Colum Kenny: Christ himself preached that the truth will set us free
The Vatican, meanwhile, insists on silencing priests who express opinions at odds with its priorities
Published 15/04/2012 | 05:00
A SURVEY released last week shows that the majority of Irish Catholics find teachings of the Catholic Church on some matters, such as sex and women priests, irrelevant or wrong.
Yet the Vatican has taken action to silence a couple of Irish priests who expressed opinions that are shared in Ireland among lay Catholics. One of them, Fr Tony Flannery, is a founder of the Association of Catholic Priests, which commissioned the revealing survey.
Rome's clampdown is a reminder of the bad old days of hysterical Irish censorship, when the self-appointed guardians of public morality scoured bookshops and libraries with coloured pencils. They underlined bits of books that they wanted banned and removed from shelves, then sent those books to censors.
Last week Fr Adrian Egan, head of the Irish Redemptorists, expressed concern that there were "people sitting in churches on a daily basis that are almost listening to hear you express an opinion that might be seen as dissenting and they will report you".
The Redemptorists are not usually seen as the "a-la-carte Catholics" that some bishops tend to deride.
It was reported last week that Fr Flannery, who had been writing a regular column for Reality, the Redemptorists' monthly magazine, may no longer do so. Reality editor, Fr Gerard Moloney, is also barred from commenting on some issues. Did someone cut out articles from Reality and post them to the papal nuncio for Rome's attention?
This censorship says something about Rome's priorities. Yet again, sex dominates its agenda, with opinions on matters such as married priests, contraception and homosexuality being flashpoints.
The Irish Catholic Church is in disarray, its bishops discredited and some of its institutions decaying. Its many good services to the poor or needy are short of both volunteers and money. The fact that the vast majority of Irish people still declare themselves to be Catholics on their census returns is no measure of their engagement in that church or of their understanding of Jesus and his teachings.
For those who care deeply about spiritual matters, these clashes between pontiff and priests are grim.
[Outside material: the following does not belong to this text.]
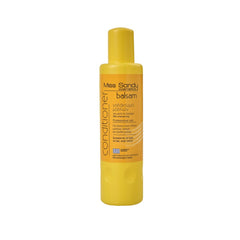 Miss Sandy Hair Balsam Για Όλους τους Τύπους Μαλλιών 500ml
They endlessly recast the mission of Christ as some kind of power struggle, or as a culture war, rather than being a witness to joy. Where Christ preached that the truth sets us free, others insist in practice on defining truth for us even when we cannot believe what they say.
Rows like this latest one hurt some people who believe deepest, because the clamp-down is an affront to their adult intellect and their soul. And the scandal damages people whose lives might be enriched by a mature understanding of wisdom traditions such as Christianity, but who are exposed instead to sterile exercises of authority rather than evidence of humble religious practice that could give them hope.
One lecturer in moral theology was quoted last week as observing that "the church has a responsibility as well as a right, especially where priests and theologians are concerned", to ensure that "they truly believed in the faith and communicated it well".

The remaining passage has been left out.